*** Dataset records Section Begins ***
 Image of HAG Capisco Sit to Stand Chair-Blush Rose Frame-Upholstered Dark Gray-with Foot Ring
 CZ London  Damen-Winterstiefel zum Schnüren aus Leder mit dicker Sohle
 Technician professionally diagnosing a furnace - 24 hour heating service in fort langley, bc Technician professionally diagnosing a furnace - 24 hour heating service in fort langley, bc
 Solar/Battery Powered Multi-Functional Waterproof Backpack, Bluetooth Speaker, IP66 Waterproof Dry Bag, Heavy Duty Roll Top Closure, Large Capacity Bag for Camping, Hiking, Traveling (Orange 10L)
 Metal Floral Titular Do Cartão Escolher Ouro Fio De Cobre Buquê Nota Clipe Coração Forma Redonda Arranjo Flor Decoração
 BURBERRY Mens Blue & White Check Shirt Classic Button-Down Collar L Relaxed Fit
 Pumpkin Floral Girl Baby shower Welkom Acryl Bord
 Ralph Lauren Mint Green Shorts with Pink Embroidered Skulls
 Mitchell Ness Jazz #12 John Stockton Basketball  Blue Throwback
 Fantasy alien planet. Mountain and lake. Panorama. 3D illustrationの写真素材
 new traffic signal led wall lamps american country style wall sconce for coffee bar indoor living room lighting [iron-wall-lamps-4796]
*** Dataset records Section Ends ***
The lines to output run from the one containing "Metal Floral Titular" through the last line of the records above; repeat them exactly and nothing more.

- **Completed exercise**
 Metal Floral Titular Do Cartão Escolher Ouro Fio De Cobre Buquê Nota Clipe Coração Forma Redonda Arranjo Flor Decoração
 BURBERRY Mens Blue & White Check Shirt Classic Button-Down Collar L Relaxed Fit
 Pumpkin Floral Girl Baby shower Welkom Acryl Bord
 Ralph Lauren Mint Green Shorts with Pink Embroidered Skulls
 Mitchell Ness Jazz #12 John Stockton Basketball  Blue Throwback
 Fantasy alien planet. Mountain and lake. Panorama. 3D illustrationの写真素材
 new traffic signal led wall lamps american country style wall sconce for coffee bar indoor living room lighting [iron-wall-lamps-4796]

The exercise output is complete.